Alessandro Lo-Bianco

Um 'Encontro' entre a dor de um pai destroçado e o espetáculo

O limite ético da imprensa foi rompido em rede nacional, e a audiência não pode ser justificativa para tamanha insensibilidade

Patrícia Poeta
Foto: Reprodução/TV Globo
Patrícia Poeta


Hoje o dia amanheceu com uma mancha na imprensa brasileira ocasionada pela exploração da dor alheia no Encontro com Patrícia Poetado programa Encontro. O programa ultrapassou qualquer limite aceitável de ética jornalística e humanidade. Diante de milhões de espectadores, um pai destroçado recebeu, sem qualquer preparo, informações cruciais sobre o assassinato de sua filha – antes mesmo de serem comunicadas oficialmente pela polícia. Uma revelação feita ao vivo, sem qualquer cuidado ou respeito pelo sofrimento de quem estava ali.
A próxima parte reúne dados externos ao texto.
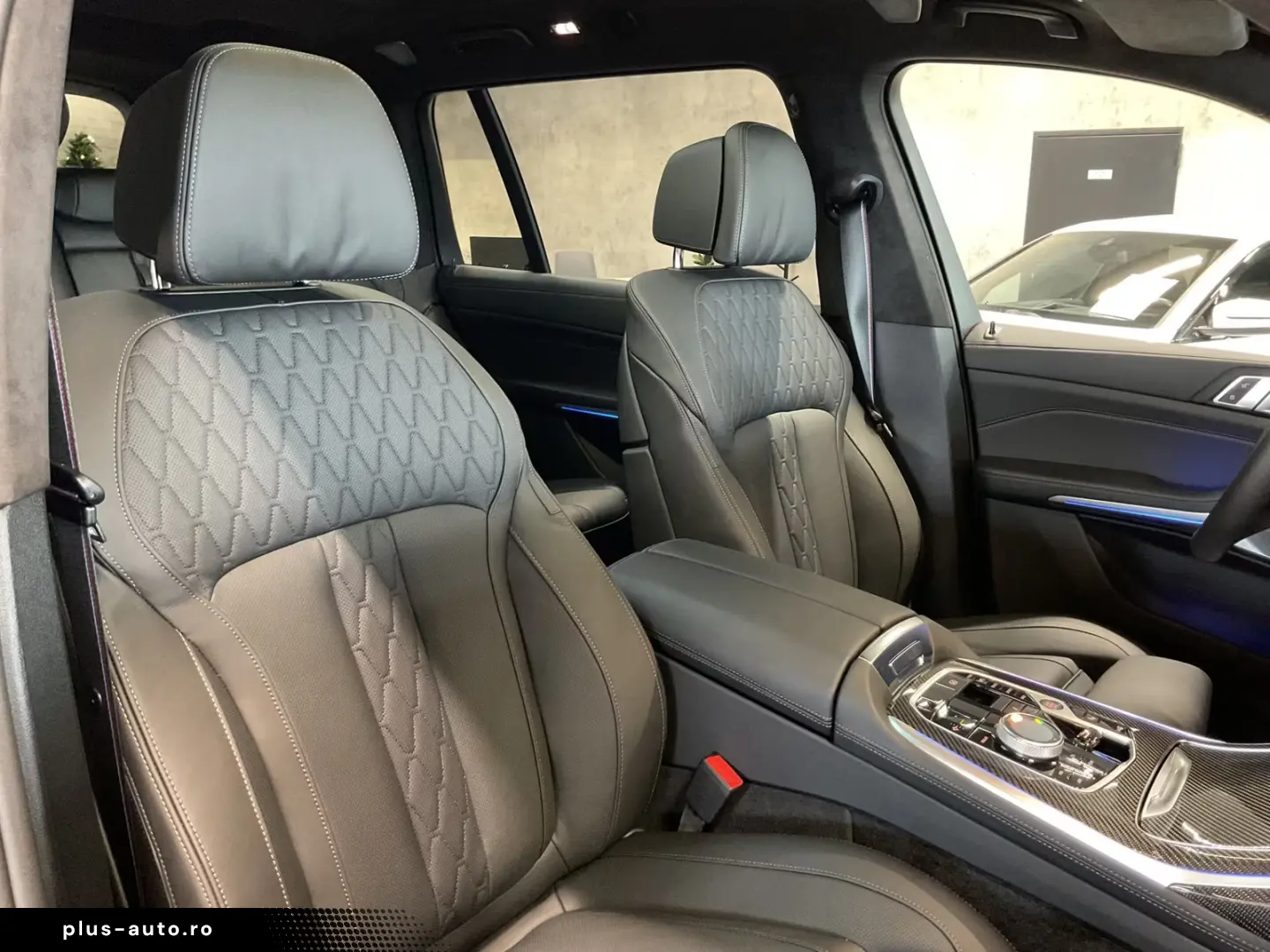 BMW X7 M60i AHK B&W Massage Sky Lounge Standh. 360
A busca por audiência nunca pode justificar a espetacularização da dor. O jornalismo tem um compromisso não apenas com a verdade, mas com a dignidade das vítimas e de seus familiares. Há um motivo para que autoridades sigam protocolos ao dar esse tipo de notícia: o impacto psicológico pode ser devastador. No entanto, um programa matinal, que deveria prezar pelo acolhimento e pela sensibilidade, escolheu ignorar esse princípio básico e transformar uma tragédia pessoal em um show ao vivo.
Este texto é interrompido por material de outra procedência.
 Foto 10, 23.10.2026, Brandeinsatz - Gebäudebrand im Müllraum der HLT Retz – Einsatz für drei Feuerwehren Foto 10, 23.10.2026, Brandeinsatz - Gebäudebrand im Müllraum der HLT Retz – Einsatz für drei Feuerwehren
É inadmissível que um veículo de comunicação com tamanha influência como a TV Globo trate um momento tão delicado como se fosse mero entretenimento. O que aconteceu no Encontro não foi jornalismo. Foi um espetáculo de insensibilidade. Um espetáculo em que o sofrimento de um pai foi exposto sem qualquer filtro, sem qualquer consideração por sua fragilidade emocional.

Esse episódio deveria servir de alerta: a busca pelo impacto não pode ultrapassar a linha da decência. A dor não é um produto, e a audiência não pode ser conquistada à custa do sofrimento de pessoas que, naquele momento, precisam de acolhimento, não de câmeras em seus rostos enquanto processam uma notícia devastadora sobre uma filha.

Que essa indignação coletiva não se dissipe com o passar dos dias. Que o caso gere reflexão e mudanças. Porque, se a imprensa continuar a tratar tragédias como espetáculos, não estaremos mais informando – estaremos apenas lucrando com a desgraça alheia.